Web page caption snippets
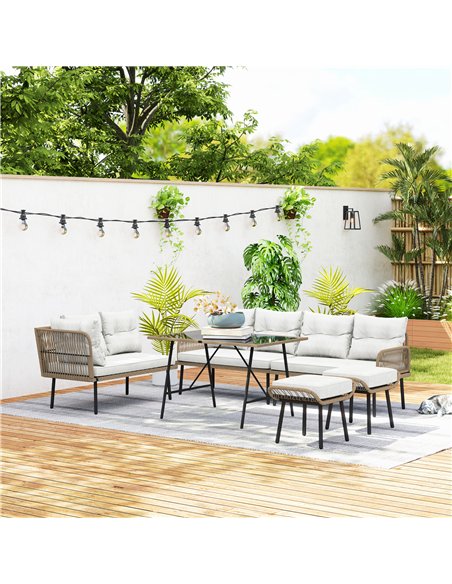 Outsunny 6 Piece Rattan Garden Furniture Set, 8 Seater Garden Corner Sofa with Cushions and Glass Top Table, Sectional Outdoor F - pic 156596 | FastDaddyshop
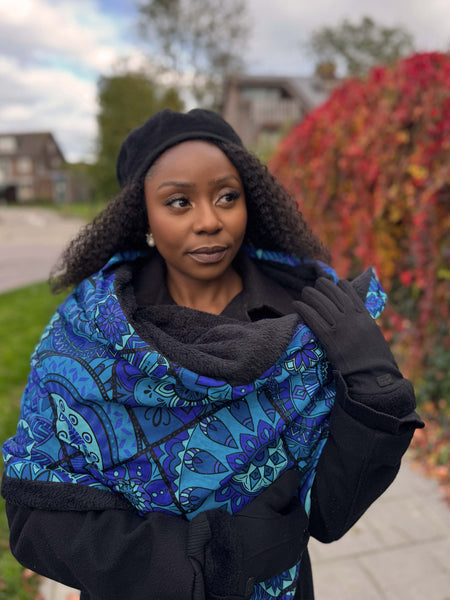 Bufanda de invierno estampado africano para Adultos Unisex - Mandala Azul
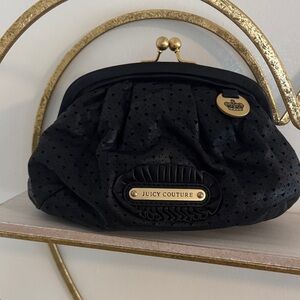 Juicy Couture Black Clutch with Gold Accents
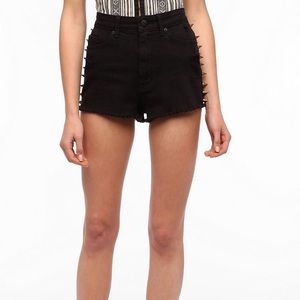 Black denim high rise shorts with spikes size 27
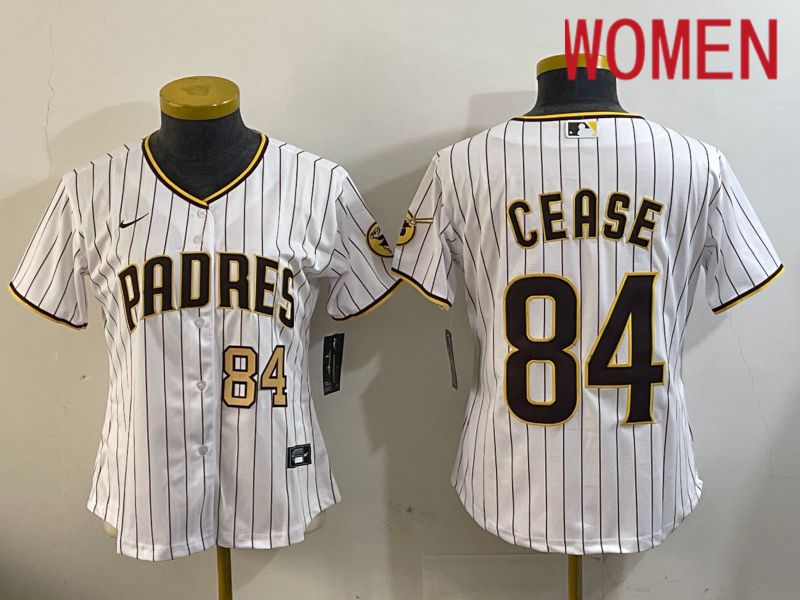 Women San Diego Padres #84 Cease White Stripe Game 2024 Nike MLB Jersey style 11201->youth mlb jersey->Youth Jersey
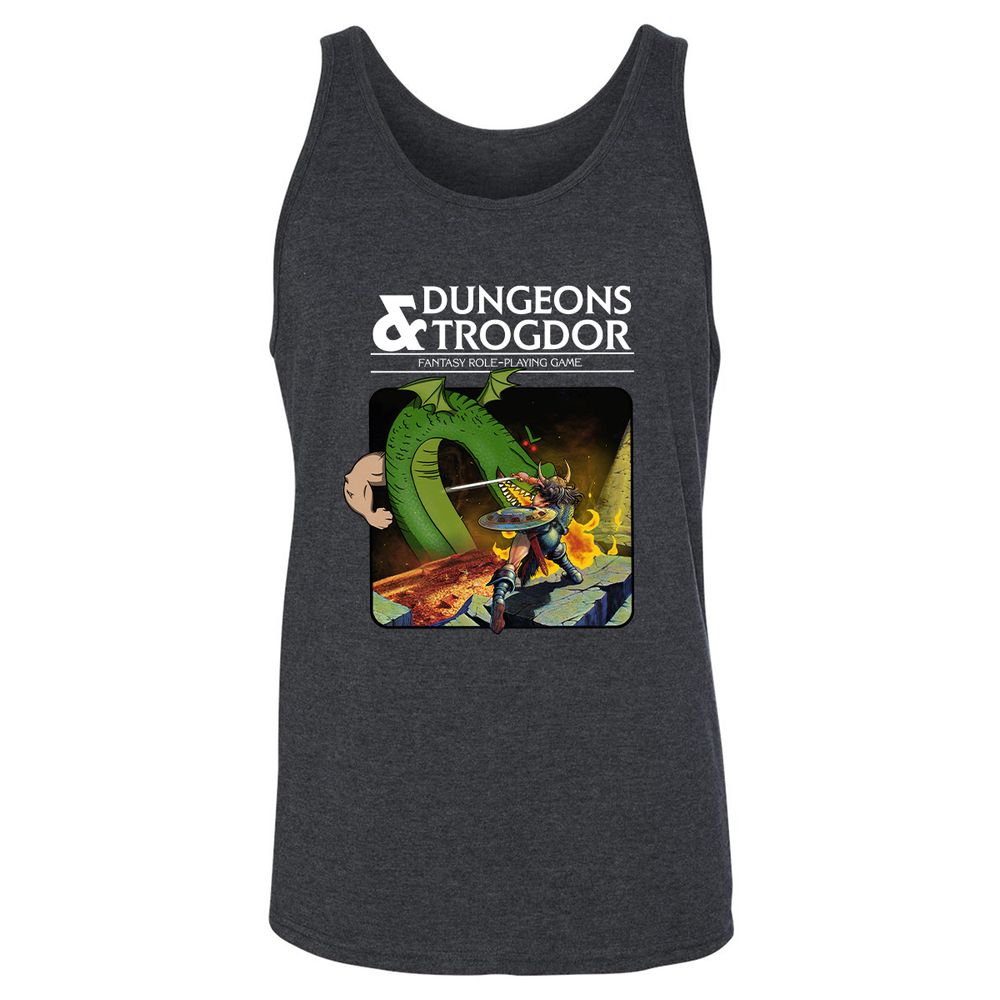 Trogdor Unisex Jersey Tank - Dark Grey Heather - 6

Your objective
Word for word, please reproduce each entry above and leave out every picture.

Result of this task
 Outsunny 6 Piece Rattan Garden Furniture Set, 8 Seater Garden Corner Sofa with Cushions and Glass Top Table, Sectional Outdoor F - pic 156596 | FastDaddyshop
 Bufanda de invierno estampado africano para Adultos Unisex - Mandala Azul
 Juicy Couture Black Clutch with Gold Accents
 Black denim high rise shorts with spikes size 27
 Women San Diego Padres #84 Cease White Stripe Game 2024 Nike MLB Jersey style 11201->youth mlb jersey->Youth Jersey
 Trogdor Unisex Jersey Tank - Dark Grey Heather - 6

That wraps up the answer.